Il cucciolo si osservò attentamente attorno: niente vegetazione, un terreno battuto e polveroso, chiuso ai lati da delle pareti rocciose che parevano abbastanza sdrucciolevoli… Non aveva più dubbi: si trovava nella gola, quella che suo padre evitava ad ogni uscita.

         « E adesso come faccio a risalire ? Se i miei si svegliano e non mi trovano, rischio davvero di passare dei brutti gua… ».

            « Kopa ? Che ci fai qui ? »


         Il cucciolo si voltò colto alla sprovvista. Mai si sarebbe aspettato di incontrare qualcuno, per di più un suo parente in un luogo così inusuale. Non c’era da stupirsi nella sorpresa tinta sul suo volto.

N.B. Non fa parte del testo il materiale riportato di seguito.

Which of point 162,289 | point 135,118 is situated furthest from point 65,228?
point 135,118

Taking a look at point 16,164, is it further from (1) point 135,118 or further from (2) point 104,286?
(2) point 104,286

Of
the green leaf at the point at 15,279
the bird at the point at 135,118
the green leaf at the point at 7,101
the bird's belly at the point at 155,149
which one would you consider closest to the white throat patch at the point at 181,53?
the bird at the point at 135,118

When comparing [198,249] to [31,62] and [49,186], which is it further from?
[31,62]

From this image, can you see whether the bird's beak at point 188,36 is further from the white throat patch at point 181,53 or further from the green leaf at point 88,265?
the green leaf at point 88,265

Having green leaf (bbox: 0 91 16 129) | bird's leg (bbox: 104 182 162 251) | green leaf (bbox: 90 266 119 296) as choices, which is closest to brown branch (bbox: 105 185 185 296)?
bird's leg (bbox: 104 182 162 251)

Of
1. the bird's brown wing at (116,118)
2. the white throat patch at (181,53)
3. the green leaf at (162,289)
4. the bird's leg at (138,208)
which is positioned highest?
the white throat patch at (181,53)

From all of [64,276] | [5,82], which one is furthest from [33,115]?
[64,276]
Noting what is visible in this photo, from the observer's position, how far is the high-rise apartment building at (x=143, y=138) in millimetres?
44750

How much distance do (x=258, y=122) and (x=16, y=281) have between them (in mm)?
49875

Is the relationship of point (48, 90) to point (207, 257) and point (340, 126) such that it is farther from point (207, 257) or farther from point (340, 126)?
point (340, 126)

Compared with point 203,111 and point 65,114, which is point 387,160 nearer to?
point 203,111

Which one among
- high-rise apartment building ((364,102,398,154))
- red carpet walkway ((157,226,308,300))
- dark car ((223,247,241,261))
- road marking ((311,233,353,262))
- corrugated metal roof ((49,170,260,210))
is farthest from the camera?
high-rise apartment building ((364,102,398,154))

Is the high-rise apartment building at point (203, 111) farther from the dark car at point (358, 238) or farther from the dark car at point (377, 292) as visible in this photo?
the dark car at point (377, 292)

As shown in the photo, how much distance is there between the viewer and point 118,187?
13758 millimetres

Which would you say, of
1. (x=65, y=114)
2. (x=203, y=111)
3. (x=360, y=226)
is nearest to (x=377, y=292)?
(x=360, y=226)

         « Nonna Sarabi ?! »

         La vecchia leonessa era sorpresa tanto quanto il suo giovane nipote. Non era ne il luogo ne il tempo adatto per un cucciolo lasciato solo. Sarebbe stato meglio riaccompagnarlo, tuttavia, il cuore di nonna prese ebbe la meglio e la vecchia leonessa decise di godere della compagnia del giovane nipote.

         « Ti va di accompagnarmi in un posto speciale ? » le domandò teneramente lei, ricevendo un gesto di assenso col muso dal suo interlocutore.
         I due si incamminarono nella gola. Il sole non era ancora sorto, ma il suo calore stava facendo levare una lieve foschia, donando a quel posto un clima surreale, quasi sacro. Ad un tratto apparve davanti a loro la sagoma di un tronco, spezzato da chissà quanto tempo ormai, eroso sul lato esposto al vento, ingrigito dalla polvere. Kopa osservò attentamente e colse qualcosa, qualcosa che sembrava fuori posto, ma che per qualche ragione, percepiva come non sarebbe potuto essere presente in nessun altro: quel tronco fungeva da protezione ad un piccolo fiore i cui petali risultavano ricoperti da piccole perle di rugiada. Sarabi vi si avvicinò e con la delicatezza di chi maneggia il cristallo più puro e fragile al mondo, pulì dalla polvere e dall’acqua, seguita dal curioso sguardo del nipote.

         « Vuoi sapere perché questo fiore meriti tutte queste attenzioni ? » domandò lei amorevole. Il brunetto fu colto in contro tempo, poi annuì semplicemente col capo.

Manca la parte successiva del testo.